_AIM OF THE TASK_: Taking the line containing "x^2-10x-4x+40 \leq 0\\\\" as the first and the last line of the entries as the end, reproduce every line between them exactly, including both.

● ● ● ●

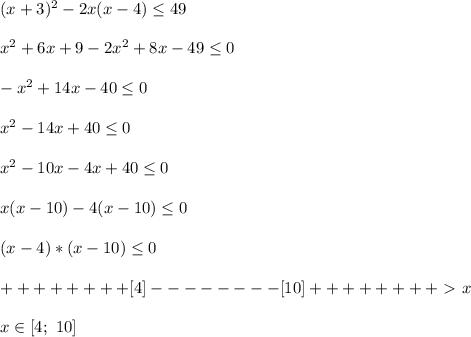 (x+3)^2-2x(x-4) \leq 49\\\\
x^2+6x+9-2x^2+8x-49 \leq 0\\\\
-x^2+14x-40 \leq 0\\\\
x^2-14x+40 \leq 0\\\\
x^2-10x-4x+40 \leq 0\\\\
x(x-10)-4(x-10) \leq 0\\\\
(x-4)*(x-10) \leq 0\\\\
++++++++[4]--------[10]++++++++\ \textgreater \ x\\\\
x\in[4;\ 10]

● ● ● ●

_THE ANSWER_:
x^2-10x-4x+40 \leq 0\\\\
x(x-10)-4(x-10) \leq 0\\\\
(x-4)*(x-10) \leq 0\\\\
++++++++[4]--------[10]++++++++\ \textgreater \ x\\\\
x\in[4;\ 10]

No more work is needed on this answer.